Two other guests were the Swiss ambassador to Japan, HE Jean-Francola Paroz, and the Japanese ambassador to Switzerland, HE Etsuro Honda. It was very interesting to see two people in the same role talk about their impressions of the similarities and relationship between the two countries.
HE Paroz pointed out that Switzerland sees Japan as a strategic partner, and that as a small country Switzerland saw it as a challenge to bring something interesting to the table. He also mentioned that Japan is currently Switzerland’s fourth largest trading partner, and that Switzerland ranks number six for foreign investment in Japan. He sees the relationship between the two countries as both excellent and strong, with many sister cities (and cantons/prefectures), double taxation and social security agreements, and stable national governments and legal systems.
He also mentioned values that he sees as shared between the two countries that make them well suited to work together:
- respect for quality and hard work
- concern for the common good
- ability to integrate innovation and tradition
HE Paroz also commented that reducing costs for current products or services was less effective than offering innovative products and services, which is what he expected from Industry 4.0.
HE Honda remarked that the problem with Swiss-Japanese relations was that there are no problems! Instead of having to concentrate on resolving known issues, the ambassadors were more focused on the open-ended and undefined task of growing the already positive connection between their countries.
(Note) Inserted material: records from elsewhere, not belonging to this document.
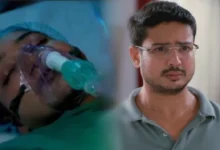 MithiJhora, Zee Bangla, Bengali Serial, Bengali television, মিঠিঝোরা, জি বাংলা, বাংলা সিরিয়াল, বাংলা টেলিভিশন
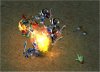 flame.jpg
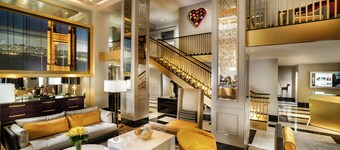 Staypineapple, An Elegant Hotel, Union Square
A former economics adviser to Japanese Prime Minister Shinzō Abe, HE Honda spoke about the difficulties caused by Japan’s long recession (the “lost decades”) and how Abenomics was trying to rectify the situation. Reminiscing about his time in New York when he had contacts at the Federal Reserve, he remembered being warned that deflation was not just the opposite of inflation and could cause serious problems if left unchecked. He also discussed the timing of the increases in Japanese consumption tax, which was introduced in 1989 at 3%, increased to 5% in 1997, then to 8% in 2014, with the final increase to 10% planned for October 2019, right before the Tokyo Olympic Games. He felt that the timing of these increases resulted in decreased growth and triggered and/or extended recession.
He also commented that there was a perception among Bank of Japan officials that the recession was structural, linked to demographic changes in the Japanese population with its rapidly ageing workforce. However, he noted that other countries with similar demographics were not experiencing the same economic effects and came to doubt this explanation. He reflected that younger Japanese can no longer expect the same working conditions as their parents, instead facing lower salaries and loss of security with the rise of temporary and contract work. He reasoned that an effort to improve conditions and productivity is needed to increase consumer spending and encourage the younger generation to choose to take on the responsibility of starting a family.